I've been meaning to read Paul Kearney's The Monarchies of God for several years now, and when the two omnibus editions were released I knew I had no excuse not to. As always, it took a while, but I finally had the opportunity to sit down and read the first omnibus, Hawkwood and the Kings.
Given the excitement and rave reviews regarding this series, expectations were high. I'm glad these books are now back into print, for Kearney truly delivers!
Here's the blurb:
The world is in turmoil. In the east the savage Merduks, followers of the Prophet Ahrimuz, have captured the holy city of Aekir. The western kingdoms are too distracted by internecine bickering to intervene and the Church seems more obsessed with rooting out heresy. It is an age where men go to the stake for the taint of magic in their blood, where gunpowder and cannon co-exit with werewolves and sorcerers. It is the turning point when two get reilgions will fight to the death and the common folk will struggle to merely survive.
The worldbuilding is probably the most interesting aspect of these books.
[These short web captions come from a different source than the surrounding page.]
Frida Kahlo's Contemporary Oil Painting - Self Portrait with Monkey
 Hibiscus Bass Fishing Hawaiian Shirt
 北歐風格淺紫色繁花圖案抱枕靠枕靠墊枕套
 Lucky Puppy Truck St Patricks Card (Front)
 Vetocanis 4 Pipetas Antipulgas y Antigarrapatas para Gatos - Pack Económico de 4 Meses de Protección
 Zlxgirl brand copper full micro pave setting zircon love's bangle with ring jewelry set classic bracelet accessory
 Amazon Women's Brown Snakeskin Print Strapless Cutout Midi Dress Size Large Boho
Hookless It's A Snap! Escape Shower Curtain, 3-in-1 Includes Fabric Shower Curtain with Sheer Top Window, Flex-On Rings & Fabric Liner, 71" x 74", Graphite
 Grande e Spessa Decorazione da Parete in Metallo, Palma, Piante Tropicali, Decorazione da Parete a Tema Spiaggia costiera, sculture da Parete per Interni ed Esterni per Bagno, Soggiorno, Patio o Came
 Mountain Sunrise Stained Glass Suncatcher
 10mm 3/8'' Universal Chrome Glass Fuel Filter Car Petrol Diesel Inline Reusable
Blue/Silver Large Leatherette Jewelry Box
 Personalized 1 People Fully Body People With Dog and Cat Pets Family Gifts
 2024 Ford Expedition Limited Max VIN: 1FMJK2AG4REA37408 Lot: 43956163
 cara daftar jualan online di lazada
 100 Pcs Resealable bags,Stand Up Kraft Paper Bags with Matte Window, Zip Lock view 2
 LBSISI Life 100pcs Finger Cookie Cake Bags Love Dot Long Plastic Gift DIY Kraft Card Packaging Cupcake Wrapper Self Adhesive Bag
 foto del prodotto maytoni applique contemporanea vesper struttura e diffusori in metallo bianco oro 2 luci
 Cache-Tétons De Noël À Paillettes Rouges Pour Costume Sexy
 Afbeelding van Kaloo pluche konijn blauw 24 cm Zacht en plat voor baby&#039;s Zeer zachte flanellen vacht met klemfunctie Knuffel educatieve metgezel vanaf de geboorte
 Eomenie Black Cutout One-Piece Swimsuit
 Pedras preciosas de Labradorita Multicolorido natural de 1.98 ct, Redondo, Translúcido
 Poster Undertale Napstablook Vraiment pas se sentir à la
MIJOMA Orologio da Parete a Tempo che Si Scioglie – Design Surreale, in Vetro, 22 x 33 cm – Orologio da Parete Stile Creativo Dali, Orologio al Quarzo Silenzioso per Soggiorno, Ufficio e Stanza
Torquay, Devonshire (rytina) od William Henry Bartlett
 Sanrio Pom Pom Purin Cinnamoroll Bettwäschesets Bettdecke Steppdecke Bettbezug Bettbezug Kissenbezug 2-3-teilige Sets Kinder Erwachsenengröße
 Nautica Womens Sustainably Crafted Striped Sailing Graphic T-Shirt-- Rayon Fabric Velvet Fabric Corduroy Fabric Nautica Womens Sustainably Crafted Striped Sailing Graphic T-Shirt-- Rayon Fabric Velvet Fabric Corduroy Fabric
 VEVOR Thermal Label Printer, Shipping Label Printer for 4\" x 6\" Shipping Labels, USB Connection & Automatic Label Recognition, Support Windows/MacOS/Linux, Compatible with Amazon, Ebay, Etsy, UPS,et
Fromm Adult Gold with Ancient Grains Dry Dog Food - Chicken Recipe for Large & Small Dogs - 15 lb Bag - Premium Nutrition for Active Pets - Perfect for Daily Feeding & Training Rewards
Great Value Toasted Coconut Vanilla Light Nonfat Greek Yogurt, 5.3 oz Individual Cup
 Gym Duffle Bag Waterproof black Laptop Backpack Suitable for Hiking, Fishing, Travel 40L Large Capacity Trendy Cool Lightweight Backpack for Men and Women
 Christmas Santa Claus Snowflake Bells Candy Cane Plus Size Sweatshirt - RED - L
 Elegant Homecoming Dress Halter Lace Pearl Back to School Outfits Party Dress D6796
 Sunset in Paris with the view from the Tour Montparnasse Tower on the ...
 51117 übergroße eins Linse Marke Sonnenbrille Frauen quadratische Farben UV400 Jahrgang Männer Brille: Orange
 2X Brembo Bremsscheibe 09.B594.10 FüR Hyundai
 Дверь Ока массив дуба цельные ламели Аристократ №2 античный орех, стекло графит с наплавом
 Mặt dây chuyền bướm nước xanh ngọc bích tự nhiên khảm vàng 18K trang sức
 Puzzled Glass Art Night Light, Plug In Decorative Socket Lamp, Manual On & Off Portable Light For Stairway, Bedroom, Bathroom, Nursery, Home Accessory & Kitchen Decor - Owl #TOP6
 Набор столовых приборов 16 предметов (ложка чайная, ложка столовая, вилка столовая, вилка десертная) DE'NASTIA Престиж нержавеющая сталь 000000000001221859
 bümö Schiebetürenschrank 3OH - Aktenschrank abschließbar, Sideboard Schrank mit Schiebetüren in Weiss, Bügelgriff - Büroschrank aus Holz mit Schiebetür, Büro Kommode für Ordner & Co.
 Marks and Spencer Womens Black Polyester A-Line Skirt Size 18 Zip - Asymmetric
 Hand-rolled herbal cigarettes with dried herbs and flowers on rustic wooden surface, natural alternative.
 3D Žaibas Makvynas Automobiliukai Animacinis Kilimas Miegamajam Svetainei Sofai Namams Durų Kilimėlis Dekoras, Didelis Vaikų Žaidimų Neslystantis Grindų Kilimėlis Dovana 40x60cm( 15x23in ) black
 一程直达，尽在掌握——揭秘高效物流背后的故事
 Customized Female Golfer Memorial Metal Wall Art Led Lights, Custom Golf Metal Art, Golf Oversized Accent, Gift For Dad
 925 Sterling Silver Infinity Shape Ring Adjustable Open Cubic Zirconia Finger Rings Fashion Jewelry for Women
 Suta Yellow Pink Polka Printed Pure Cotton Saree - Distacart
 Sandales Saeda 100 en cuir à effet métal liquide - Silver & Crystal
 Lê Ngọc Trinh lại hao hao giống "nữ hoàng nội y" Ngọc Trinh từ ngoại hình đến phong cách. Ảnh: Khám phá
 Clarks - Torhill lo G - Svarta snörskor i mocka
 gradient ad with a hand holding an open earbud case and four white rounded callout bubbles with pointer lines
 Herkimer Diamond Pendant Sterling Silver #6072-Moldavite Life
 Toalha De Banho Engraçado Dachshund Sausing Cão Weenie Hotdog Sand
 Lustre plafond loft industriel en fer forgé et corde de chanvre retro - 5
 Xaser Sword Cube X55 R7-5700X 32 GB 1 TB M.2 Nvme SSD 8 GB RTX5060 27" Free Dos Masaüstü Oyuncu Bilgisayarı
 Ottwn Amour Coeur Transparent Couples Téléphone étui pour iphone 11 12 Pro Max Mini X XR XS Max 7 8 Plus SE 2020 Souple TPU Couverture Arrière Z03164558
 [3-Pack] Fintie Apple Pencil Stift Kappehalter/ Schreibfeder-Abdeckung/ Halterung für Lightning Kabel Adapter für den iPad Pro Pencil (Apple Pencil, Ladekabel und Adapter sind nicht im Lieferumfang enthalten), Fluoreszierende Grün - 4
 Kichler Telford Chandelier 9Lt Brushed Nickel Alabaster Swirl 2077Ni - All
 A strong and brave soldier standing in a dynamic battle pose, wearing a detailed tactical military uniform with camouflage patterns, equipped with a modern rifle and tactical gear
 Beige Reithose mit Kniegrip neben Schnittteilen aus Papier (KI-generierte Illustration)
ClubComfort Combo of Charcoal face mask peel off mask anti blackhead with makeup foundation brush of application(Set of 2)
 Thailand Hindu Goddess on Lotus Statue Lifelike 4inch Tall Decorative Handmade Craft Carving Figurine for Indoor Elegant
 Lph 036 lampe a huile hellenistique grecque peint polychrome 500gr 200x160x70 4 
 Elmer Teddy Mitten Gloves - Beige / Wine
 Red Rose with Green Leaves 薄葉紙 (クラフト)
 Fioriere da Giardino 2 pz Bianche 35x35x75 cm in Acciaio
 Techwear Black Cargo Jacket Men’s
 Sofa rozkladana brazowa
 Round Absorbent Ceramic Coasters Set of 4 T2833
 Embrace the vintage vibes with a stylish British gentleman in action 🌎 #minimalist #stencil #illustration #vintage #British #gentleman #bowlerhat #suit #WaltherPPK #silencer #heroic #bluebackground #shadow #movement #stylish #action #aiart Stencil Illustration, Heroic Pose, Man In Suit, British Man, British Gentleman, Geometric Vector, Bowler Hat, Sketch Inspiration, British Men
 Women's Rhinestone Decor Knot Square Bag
First of all, the story takes place in a world that is more technically advanced than the usual Western European medieval setting. There are canons and firearms, and science is more advanced than in the popular Dark Ages that are so commonplace in fantasy these days. Secondly, Paul Kearney makes religion once of the most important themes of this series, pitting the equivalent of Christinanity against Islam in a war of conquest. With POV characters from both faiths, you witness the tale unfolding through two different perspectives, giving The Monarchies of God a lot more depth. Finally, the exploration of the fabled western continent add a certain South American flavor to the setting.
Known for his brevity, this characteristic of the author sometimes plays against him. Although the story moves forward at a crisp pace and the plotlines are engrossing, I often found myself bemoaning the fact that more information would have given more depth and/or impact to certain scenes. While I certainly wasn't expecting Kearney to turn into Katherine Kurtz, I would have liked more background information to flesh out the Church a bit more, what with it playing such a key role in every major event of the book. The same can be said of Dweomer magic, which is barely explained at all. It's all nitpicking, I know, and yes at times too much is worst than too little. And yet, I feel that elaborating a bit more on various concepts would have been more than a little beneficial to the series.
Though the books themselves may be short, The Monarchies of God is nevertheless a sprawling series with quite a few layers. The characterization reflects that, with a number of POV characters through whose eyes we see the tale unfold. That variety of points of view really elevates Kearney's work to another level. Some of the supporting cast could use a bit more fleshing out, but the main protagonists are a three-dimensional bunch for the most part. To all ends and purposes, it might be Richard Hawkwood and King Abeleyn's story, but Corfe, Albrec, and Avila play pivotal roles in what is to come. I particularly enjoyed the Merduks' perspective. With several cliffhangers before the end, it will be interesting to see what is to become of most of the protagonists in the sequel, Century of the Soldier.
Since this omnibus edition is comprised of Paul Kearney's Hawkwood's Voyage and The Heretic Kings, it doesn't read like one of those doorstopper fantasy novel, but like two short and relatively fast-paced books. The rhythm is fluid throughout, without a single dull moment from start to finish. The author may have gone a bit over-the-top with his naval expertise, but that's his prerogative. It certainly gives the novel a more genuine feel.
If you are looking for something different, Kearney's The Monarchies of God could be just what you need!